SUPPOSEDLY, my great grandfather changed his name to Brogan so it would sound more Irish. But he was taking a job in Liverpool at the time, so don't you think he'd want to sound LESS Irish? To blend, all he had to do was go with the existing name - the one that sounds like you could be related to the famous British Revolutionary War general. (Another eye roll from my father about this possibility)

But recently, a very distant relative who was doing Brogan family research, contacted me through my website, and apparently his great grandmother Brogan, a sister of my great-grandfather, told him the same Bourgoyne thing, so...I'm thinking maybe I shouldn't doubt everything on reflex. Especially since I didn't really believe that my husband's last name was changed from Saint Onge or that he was part Indian, only to find the whole thing confirmed on the web by a professor who was doing a study on the Metis Culture (the interrmarriage of French and Fox Indians in Wisconsin).

Not only did I find exactly which relative changed the name (his great grandfather) I was actually able to get the likely percentage of his Fox Indian blood! (And all that time I was eyerolling when his father collected Indian art.)


We all have family stories that bring us pride or make us roll our eyes. I want to hear the ones that are most controversial, or hardest to believe. Anybody?

HALLIE: My family's 'myth' has to do with my mother's mother who once lived near Minsk (or Pinsk) in the early 1900s. The story goes that came over to this country on the ticket and passport of another woman who had died. She claimed that the name we all knew her by (Kate) was that woman's name, not hers. Even after thirty years in this country, she was sure that one day the police would come looking for her and send her back to Russia. The other myth is that is that my grandfather knocked her up before he emigrated from Russia to the US, and that her cousin brought her to the US and made him marry her. What is indisputably true is that theirs was an exceedingly unhappy marriage, and that my grandmother made the best, thinnest, crispest cinnamon cookies on the planet--I've never been able to duplicate them. Recipe, anyone?

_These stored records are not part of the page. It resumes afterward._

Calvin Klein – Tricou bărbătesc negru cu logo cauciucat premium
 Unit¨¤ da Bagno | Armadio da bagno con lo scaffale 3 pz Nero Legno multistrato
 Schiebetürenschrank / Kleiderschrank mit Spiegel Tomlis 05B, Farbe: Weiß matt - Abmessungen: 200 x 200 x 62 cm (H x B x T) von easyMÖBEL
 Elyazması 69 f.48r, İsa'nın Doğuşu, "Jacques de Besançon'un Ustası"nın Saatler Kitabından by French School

ROBERTA: We're supposed to have been related to Kit Carson on my mother's side. Looking at the Wikipedia entry for Kit, I'm not sure that's a claim to fame. On my dad's side, the biggest name is John Brerton who was a graduate of West Point and served in the xxx war. Then he shot himself...hmmmm....

Kit Carson
My favorite family story is my husband's translation from German of Isleib: Large lunch followed by a restful nap (and then some of those cinnamon cookies.)

HANK: My Grampa Dave insisted that we were from Russia, that his parents were from a town called Tzablodovska (or something along those lines). And so his family took the name Sablosky. Gramma Minnie insisted the family was from Poland, and the original name was Szablowdowska (or something along those lines.) Aunt Portia (who was blonde, I could never at age 6 figure out how, and whose husband was cool and had an MG) insisted the family was Austrian, and that the real name was Sable. Everyone argued about it. Gramma made fantastic coffee-chocolate flavored coffee cake, with cinnamon. When we all aasked how to make it, she said coffee, chocolate, flour, butter and cinnamon. No one could EVER duplicate hers either. Maybe it was a Russian/Polish/Austrian thing.